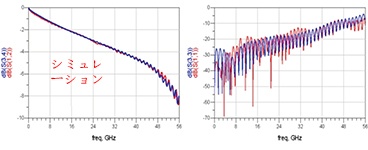 挿入損失回損フィッティング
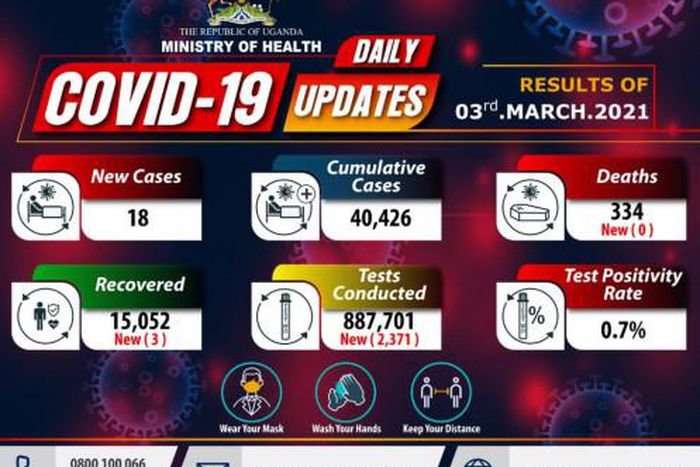 Ministry of Health - Republic of Uganda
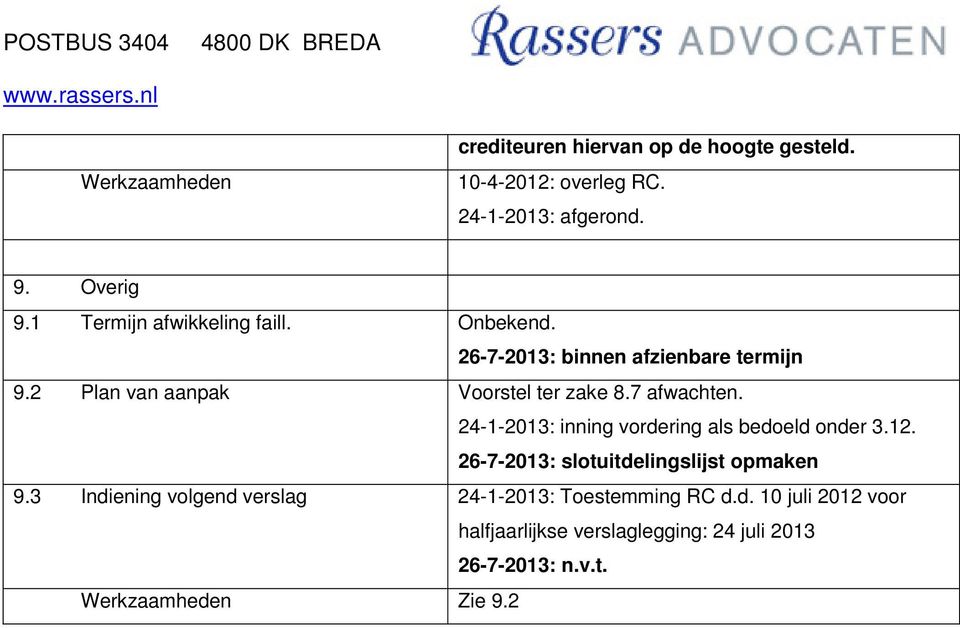 2 Plan van aanpak Voorstel ter zake 8.7 afwachten. 24-1-2013: inning vordering als bedoeld onder 3.12.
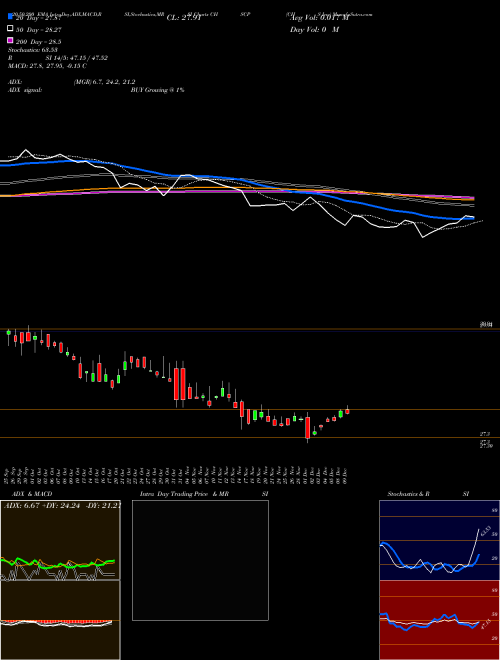 CHS Inc CHSCP Support Resistance charts CHS Inc CHSCP USA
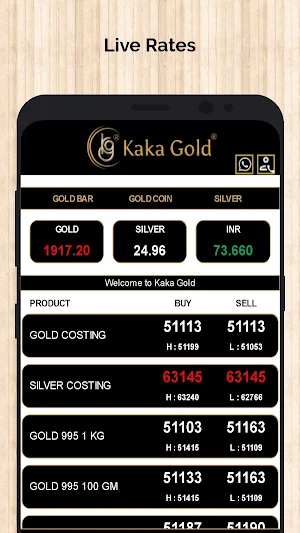 Kaka Gold Screenshot 0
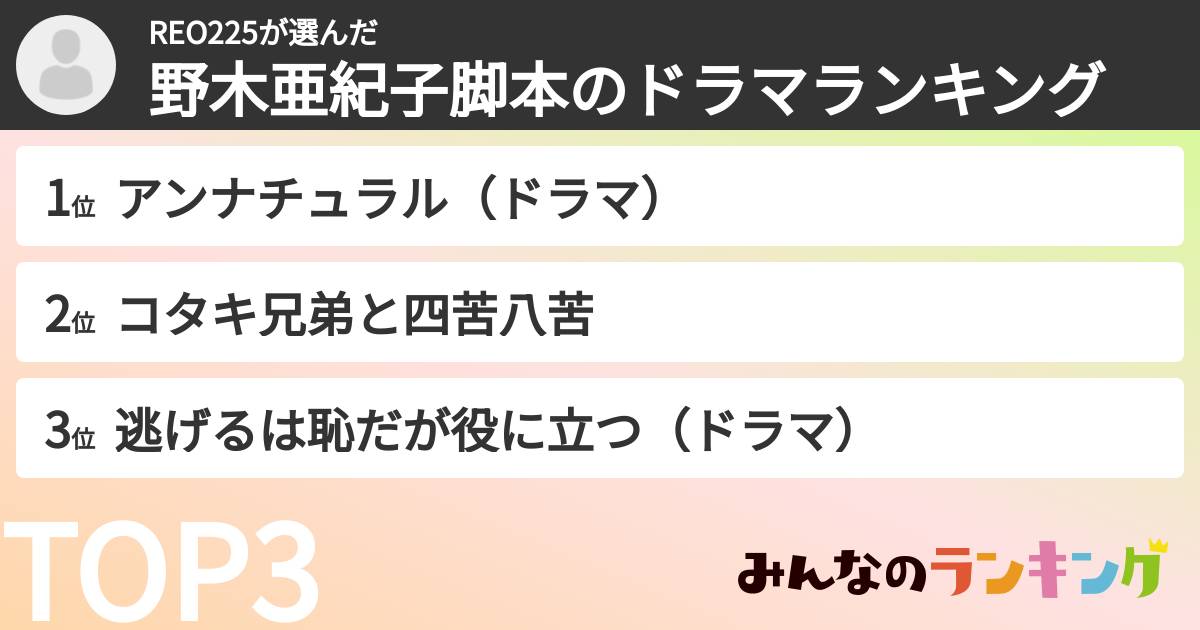 REO225さんの「野木亜紀子脚本のドラマランキング」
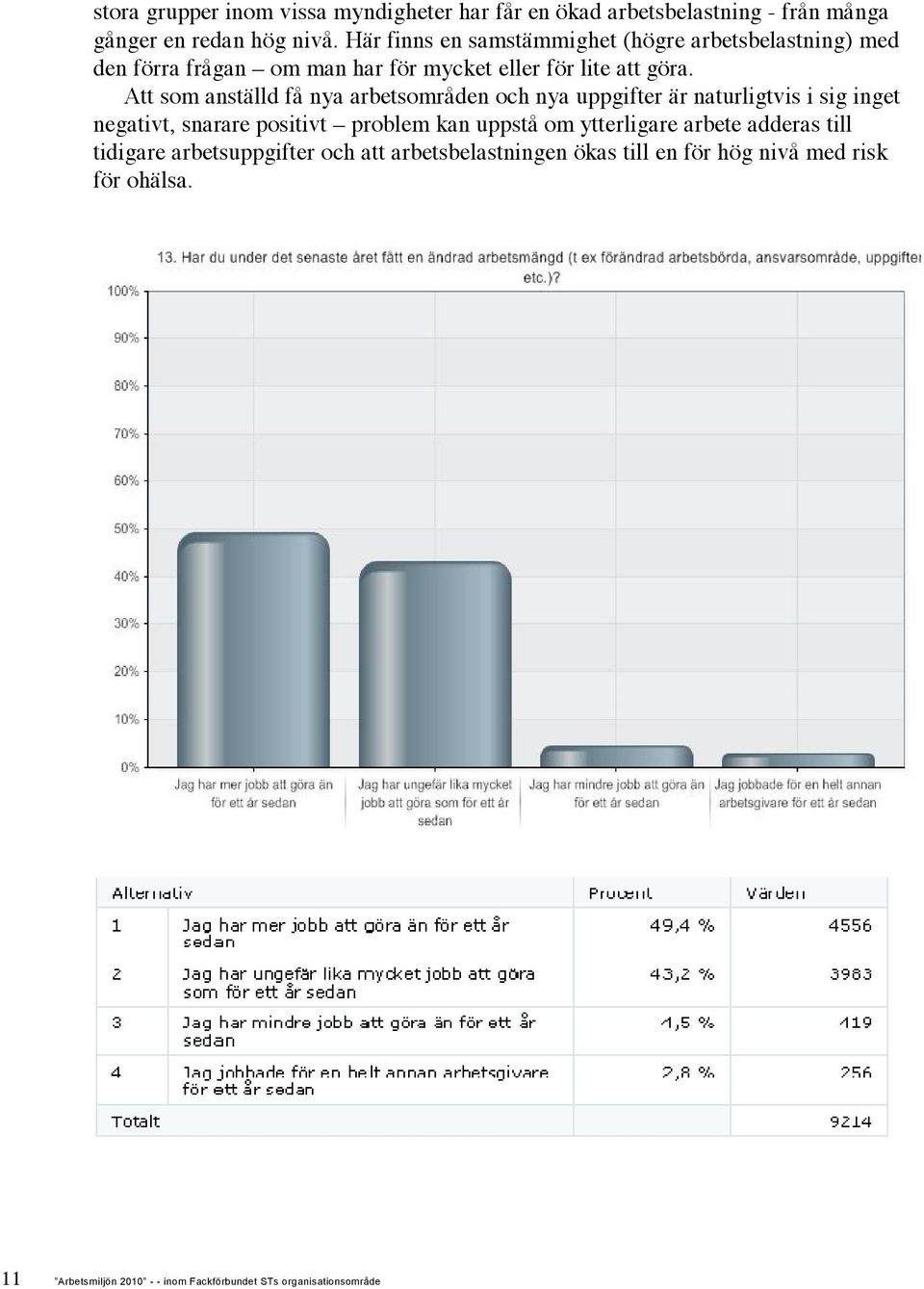 Att som anställd få nya arbetsområden och nya uppgifter är naturligtvis i sig inget negativt, snarare positivt problem kan uppstå om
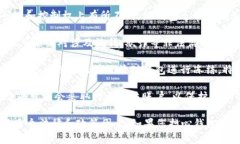 Tokenim钱包能否被冻结主要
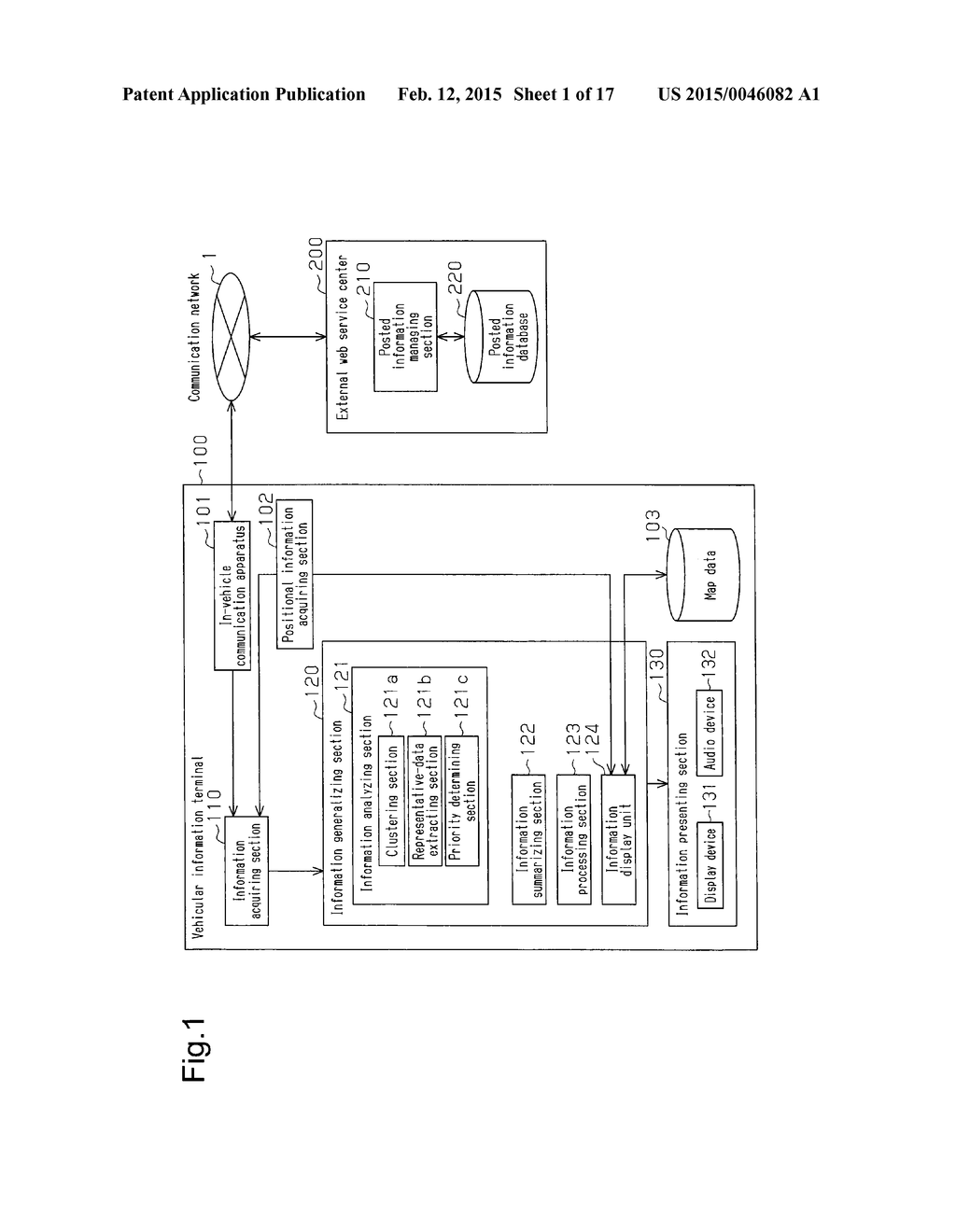 INFORMATION PRESENTATION DEVICE AND PRESENTATION-USE INFORMATION     MANAGEMENT SYSTEM - diagram, schematic, and image 02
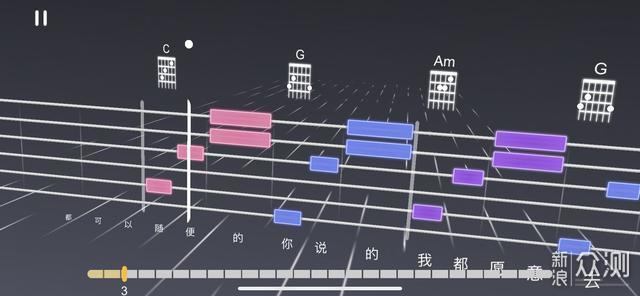 噱头还是实用？Poputar智能吉他首发评测_新浪众测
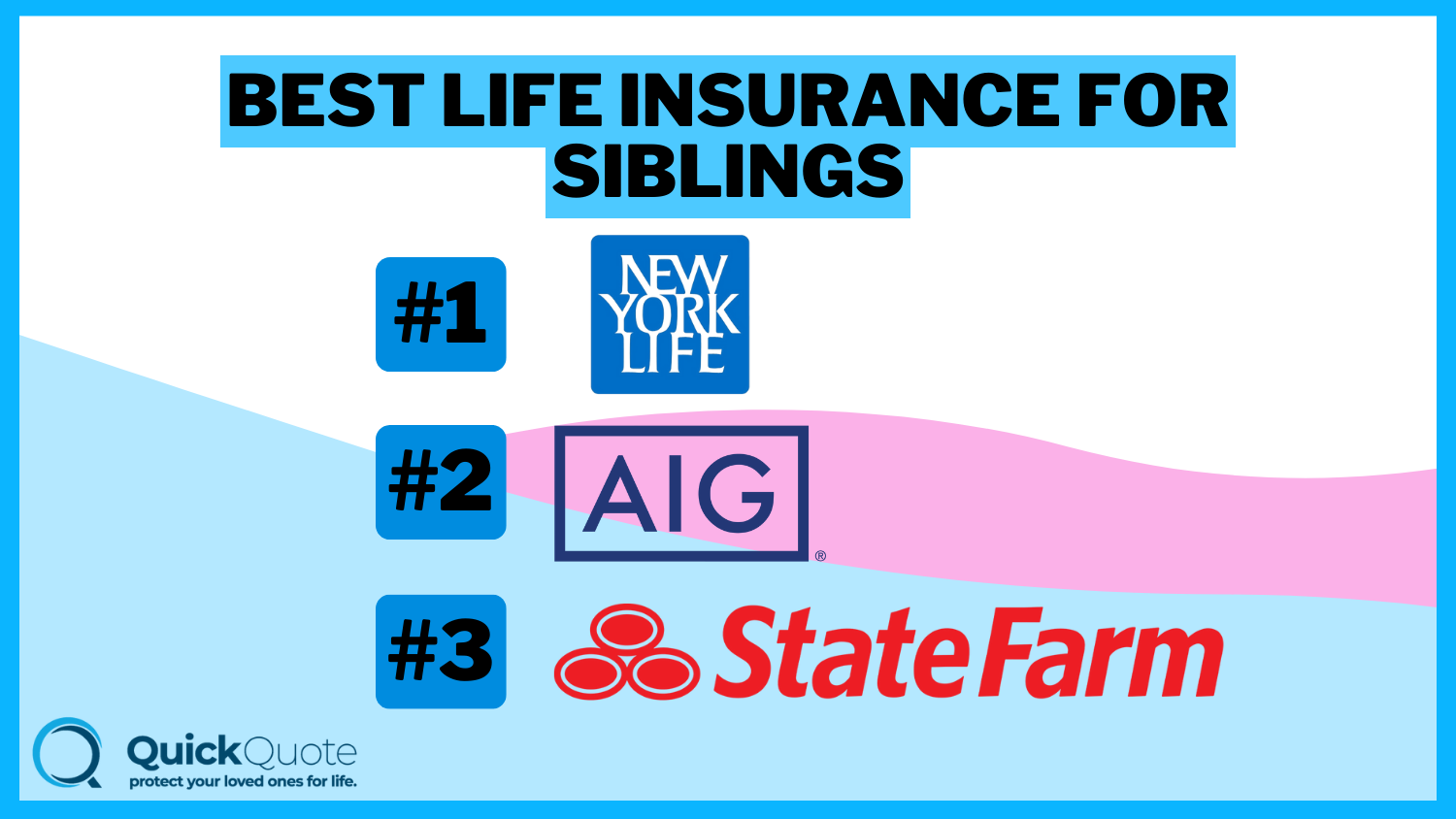 Best Life Insurance for Siblings in 2024 (Find the Top 10 Companies Here!)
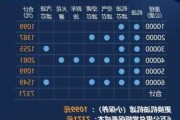 领克01混动的保养周期是多久？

→ **EXERCISE AIM**
What the answer needs is every line from the one containing "噱头还是实用？Poputar智能吉他首发评测_新浪众测" through the final line of the data above, copied exactly, without pictures.

→ **TASK ANSWER**
 噱头还是实用？Poputar智能吉他首发评测_新浪众测
 Best Life Insurance for Siblings in 2024 (Find the Top 10 Companies Here!)
 领克01混动的保养周期是多久？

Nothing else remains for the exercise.